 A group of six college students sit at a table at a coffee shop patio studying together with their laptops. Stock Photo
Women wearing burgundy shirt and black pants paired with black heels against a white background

---

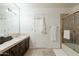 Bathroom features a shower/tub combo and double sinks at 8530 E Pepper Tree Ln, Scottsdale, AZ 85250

EXERCISE:
Your task is to find every line above containing the word "with" and copy it.

ANSWER SPACE:
 A group of six college students sit at a table at a coffee shop patio studying together with their laptops. Stock Photo
Women wearing burgundy shirt and black pants paired with black heels against a white background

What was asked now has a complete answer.